Is the Internet Good for Feminism?
Saturday 20th Feb, 12noon - 1.15pm
The Music Room, The Storey
Download 'Festival of Questions' Programme here
Any routine trawl of online comment forums will showcase the pervasiveness of modern misogyny, yet the internet has brought with it many sites of resistance alongside objectification. Is the internet erasing the milestones of feminism? Or are online forums, blogs and social networking sites facilitating new gains?
Speakers include Caroline Criado-Perez, Debra Ferreday, Shoshana Devora and Polly Davis
Caroline Criado-Perez is a freelance journalist, broadcaster and feminist campaigner. She writes across the major national media, most regularly for the New Statesman and The Guardian, and regularly appears in both print and broadcast as a commentator. She has a degree in English from the University of Oxford, and is completing an MSc in Gender at LSE. In 2013 Caroline was the recipient of the Liberty Human Rights Campaigner of the Year Award and was named one the Guardian’s People of the Year. Her book, Do It Like A Woman…and change the world, was published in May 2015.

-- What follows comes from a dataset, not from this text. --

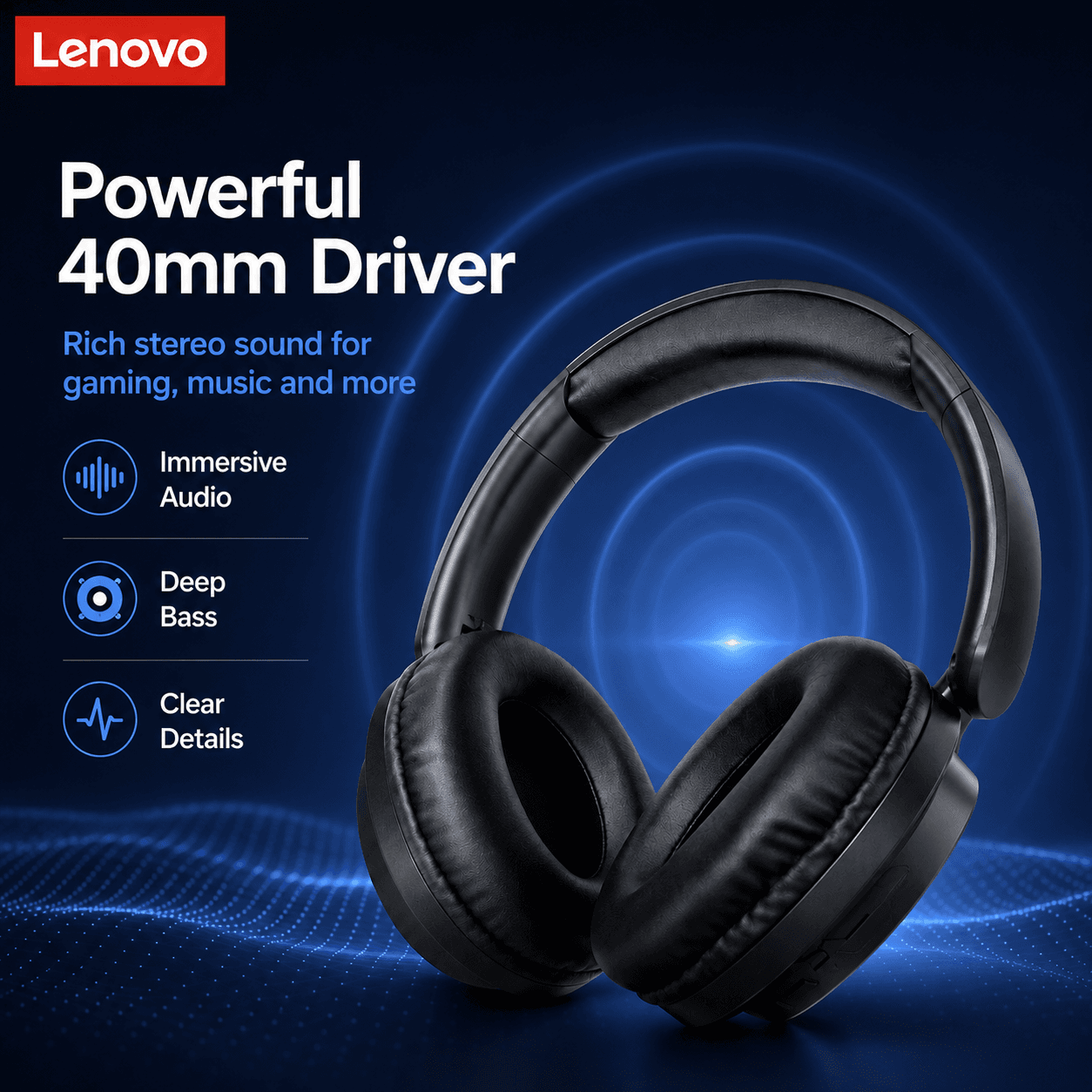 Fones de Ouvido Bluetooth Lenovo EH140, Fones Sem Fio, Fone com Fio Tipo C com Microfone, Alta Qualidade, Original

Shoshana Devora is the social media editor for The F-Word, an online magazine dedicated to talking about and sharing ideas on contemporary UK feminism. Shoshana has a personal blog, mymotherfullfamily.wordpress.com, where she writes about growing up with lesbian mothers, and has also written for The Huffington Post, Everyday Feminism, and Jewish News on issues relating to gender and sexuality.
Polly Davis served as Chair of Lancaster University Feminist Society for two years. She identifies as an ecofeminist and has a background in activism. Polly is a final year undergraduate studying Linguistics.
Debra Ferreday is a feminist cultural theorist with strong research interests in gender, feminist theory, sexuality, critical race theory, queer theory and embodiment. Her research engages with embodied and social aspects of new media and digital cultures, celebrity culture, media and violence, fan studies, sexuality studies and mad studies.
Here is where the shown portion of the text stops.